▶ _What you have to do_
You are asked to repeat the listing word for word and to leave out its pictures.

-------- Recorded information --------

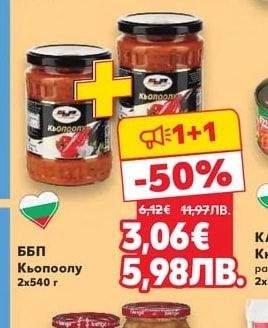 ББП ББП Кьопоолу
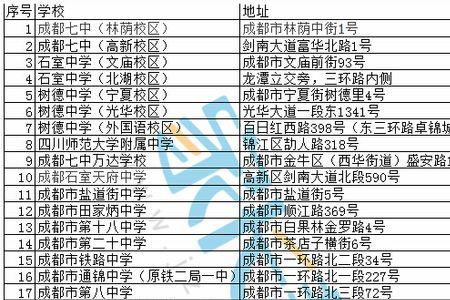 成都十大顶级私立高中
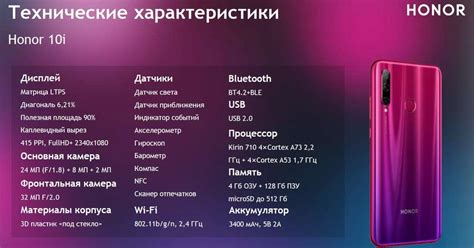 Стоимость Смартфона Honor X10 — Скидки Сегодня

--------

▶ _Response box_
 ББП ББП Кьопоолу
 成都十大顶级私立高中
 Стоимость Смартфона Honor X10 — Скидки Сегодня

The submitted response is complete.